Maryland is sometimes called America in miniature. There are Ocean beaches, coastal plain, rolling plateau, natural Forrest, rolling hills, and very old worn down mountains. It has the world's largest estuary (nether salt water, nor fresh) in the Chesapeake Bay.

Maryland's official nickname is The Old Line State. Not the Free State, although it is referred to many times by "outsiders" as the Free State. (This newer unofficial came from the Civil War era). Maryland was a officially a Union state during the Civil War - even though many of the Marylanders at that time would have probably considered themselves to be Confederate sympathizers. The Union decided that Washington was too important to risk and basically took control of the state. This may have saved Maryland much blood shed, but ironically the battle of Antietam in Western Maryland was historically the single worse day of the war for casualties.

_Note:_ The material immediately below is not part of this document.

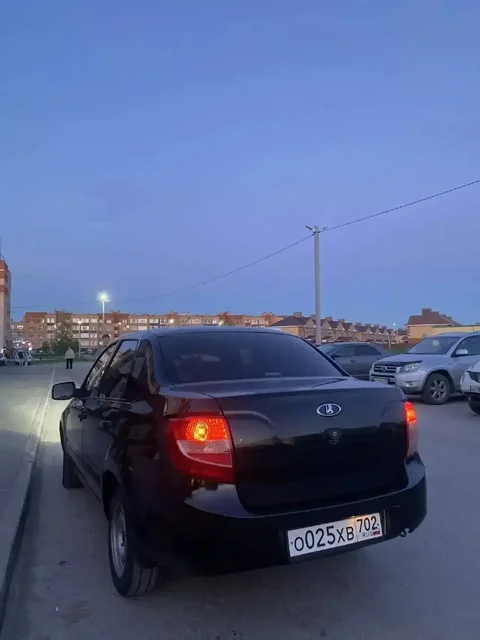 Lada Granta 2013 года - Грузовой транспорт в Уфа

Most of the people who live in Maryland have moved there from somewhere else. I know that seems like a silly statement (since everyone in America came from somewhere else - not counting Native Americans)
but most of the folks living there can be traced back to either factory jobs during WWII, or just recently (the past 10 years or so) where there has been tremendous growth ( I believe Maryland has just passed New Jersey for the highest median family income in the US) over the last decade.

So, you can think anything you want about Maryland, but please be careful what you say as you never know when you maybe talking in ear shot of a "native" who may very well tell you "if you don't like it here, why don't you go back to where you originally came from, as it must be such a better place than here?"